**GIVEN DATA**.
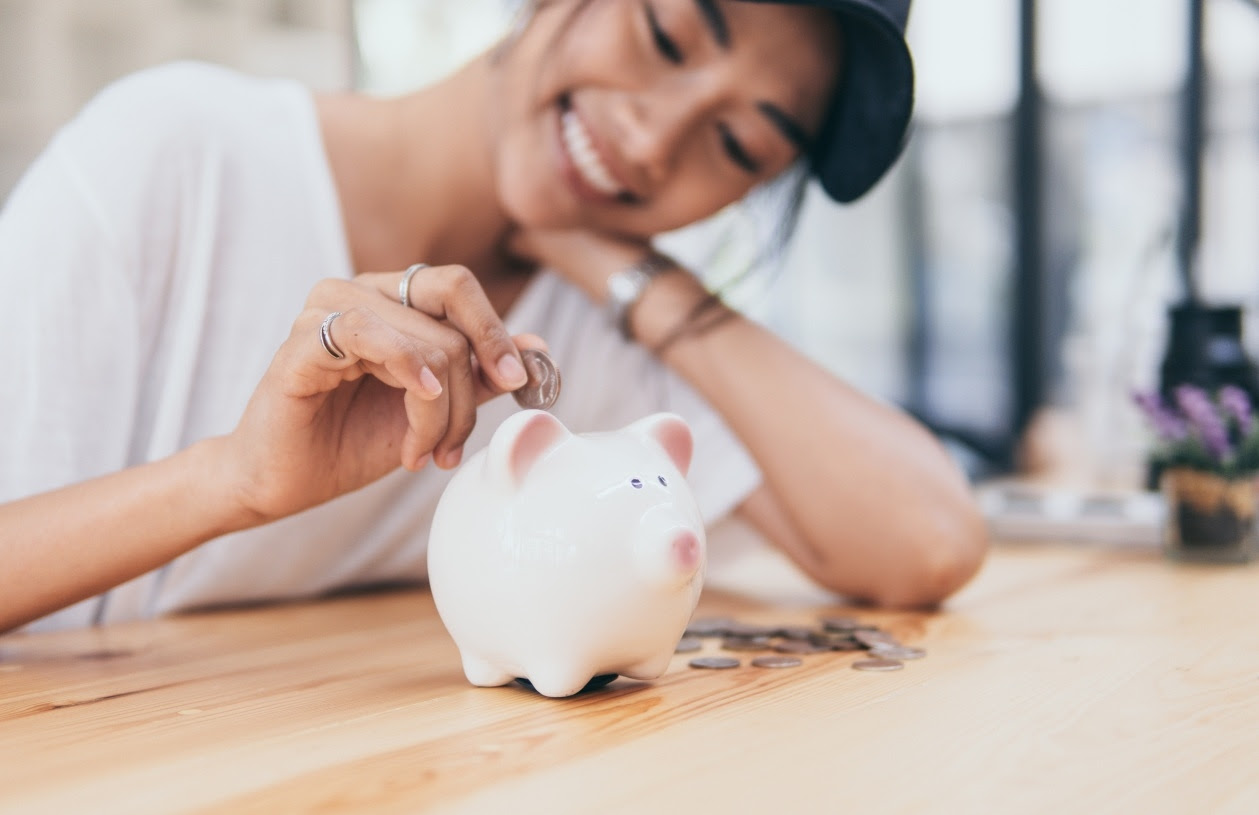Woman smiling as she places coins in her piggy bank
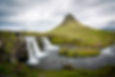 Iconic Kirkjufell mountain in Iceland with cascading waterfalls in the foreground, showcasing the country's dramatic natural landscape. The green mountain rises distinctively against cloudy skies, with flowing water representing Iceland's renewable energy resources.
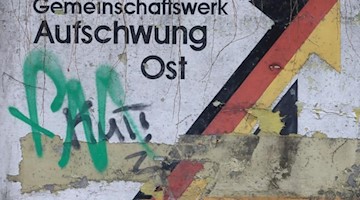 Der verwitterte Schriftzug «Gemeinschaftswerk Aufschwung Ost» in Magdeburg. Fot: Jens Wolf/Archivbild Foto: Jens Wolf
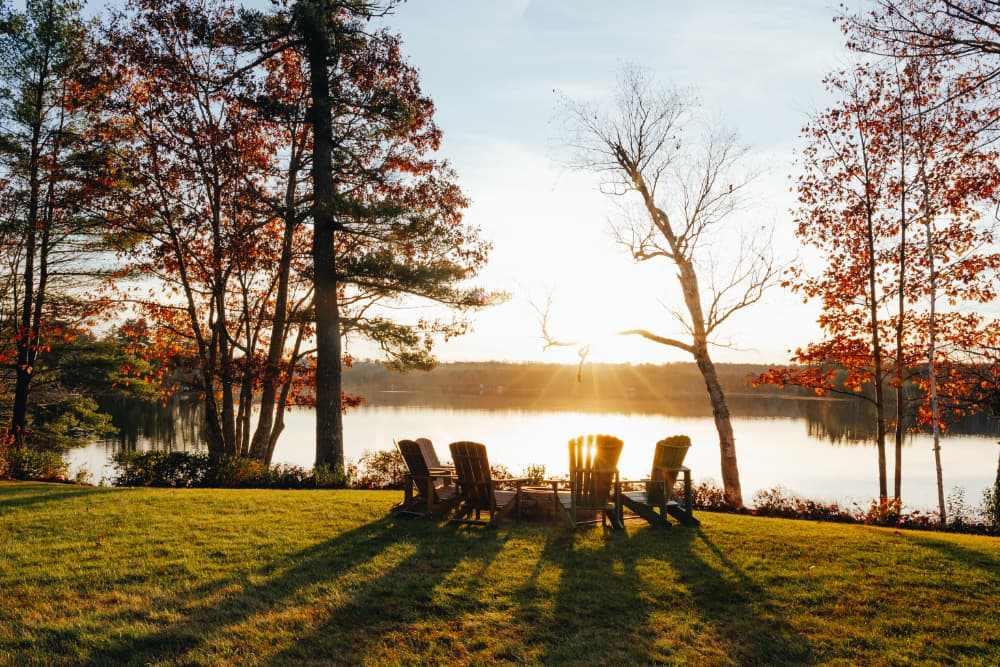 A serene lakeside scene at sunset with four empty chairs and colorful autumn foliage.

**AIM OF THE EXERCISE**.
From the line containing "Der verwitterte Schriftzug" to the last line of the material, every line is to be reproduced exactly. No picture belongs in the copy.

**ANSWER TO THE PROBLEM**.
 Der verwitterte Schriftzug «Gemeinschaftswerk Aufschwung Ost» in Magdeburg. Fot: Jens Wolf/Archivbild Foto: Jens Wolf
 A serene lakeside scene at sunset with four empty chairs and colorful autumn foliage.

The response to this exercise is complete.